Work order:
Repeat, word for word and with nothing added, each line from the one containing "Петролът поскъпва в" to the final line of the data, keeping both ends. Pictures are not part of the copy.

The data:
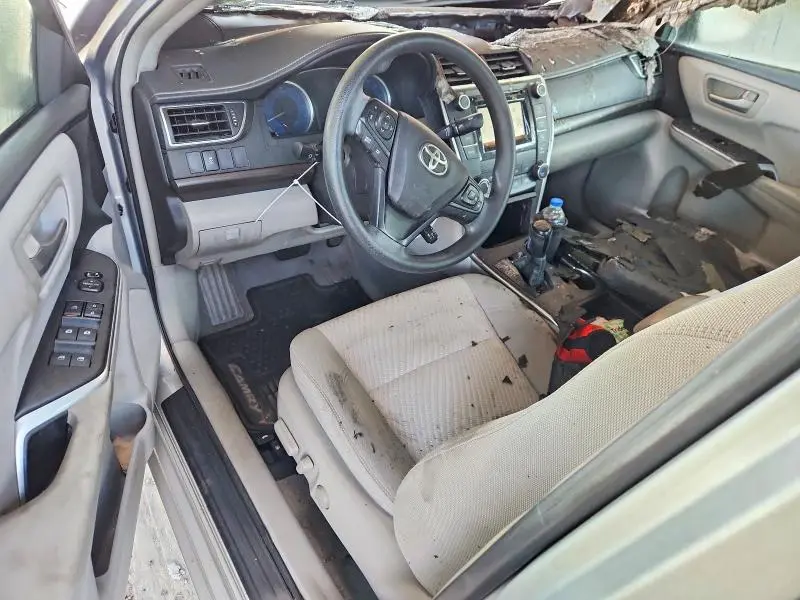2015 TOYOTA CAMRY LE  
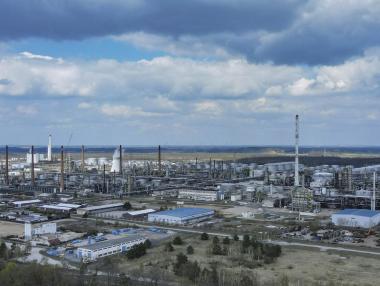 Петролът поскъпва в очакване на европейското ембарго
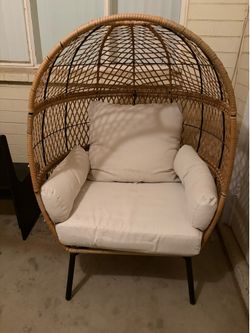 Wicker Woven Egg Chair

Answer space:
 Петролът поскъпва в очакване на европейското ембарго
 Wicker Woven Egg Chair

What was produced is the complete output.